A: There is a chapter in the book called “Types of Testing,” because there are very many different kinds of playtesting that game developers use, from just trying out the game themselves or on a colleague. There is the formal play testing that we do in my classes, in which game developers bring in people who have never played the game before to see what it’s like for them to play without receiving any help or coaching through the experience. As Tracy Fullerton is fond of saying: you don’t ship in the box with the game. The designer won’t be there to help the player. The player has to be able to figure out the game.
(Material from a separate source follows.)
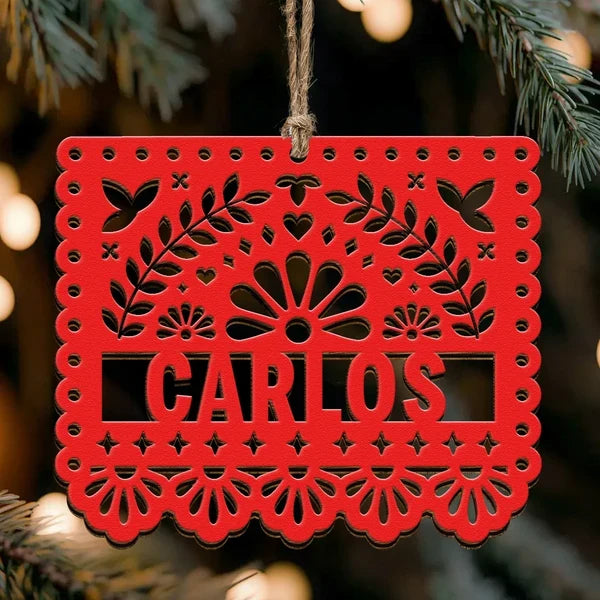 Personalized Wooden Ornament, Bright Papel Picado Art for Christmas Trees, Creative Keepsake Gift for Mom or Dad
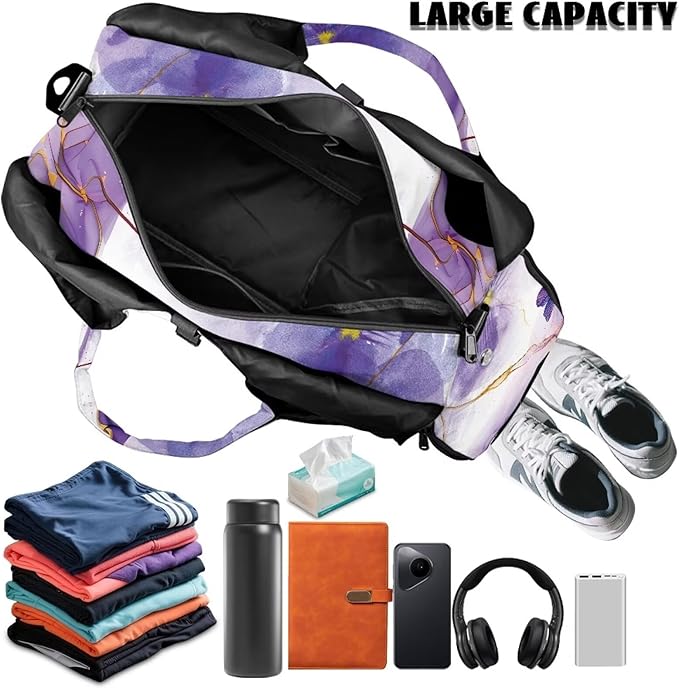 Purple Butterfly Marble Gym Bag for Women with Shoe Compartment Mini Duffel Bag Personal Item Bags for Travel Sports Swim Weekender Overnight Bags Easy to Carry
So the central focus on constantly playing our game and then analyzing the results of those playtests, which Tracy Fullerton refers to as the “playcentric” style of game development that we use in our program and which has caught on all around the world, is a very important aspect of this book and of our classes.

 

Q: For any high school graduate who is interested in USC Games, what do you hope that this book would help them with in terms of the type of experience they would expect for a game design?

A: I am hoping that my book will find an audience among people who are still in high school. I’ve tried to make it readable with a conversational tone and clear explanations. I’m hoping that it will give people some insight into the practicalities of the craft of game design, both in terms of the way that we conceptualize games and the concrete way we build games. And I think the book should act as a good taster for people who are considering a degree program in games to see if they find a natural sympathy towards the thinking and planning that go into making a game. Just as I didn’t use my physics and philosophy degree to become either a physicist or a philosopher, a degree in games can prepare you for many different careers and professions beyond just game development, because of the aspects of psychology and systems design that are the essential skills at the heart of game design and development. I believe that one could apply a game design degree to many different spheres in continuing education, from architecture to urban planning, from education to politics. I think games are such an important part of our global culture today. A sophisticated thinker could find innumerable ways to apply the lessons of a game design degree to impacting the world in countless positive ways, and we have seen this borne out in the career trajectories of many of our talented students.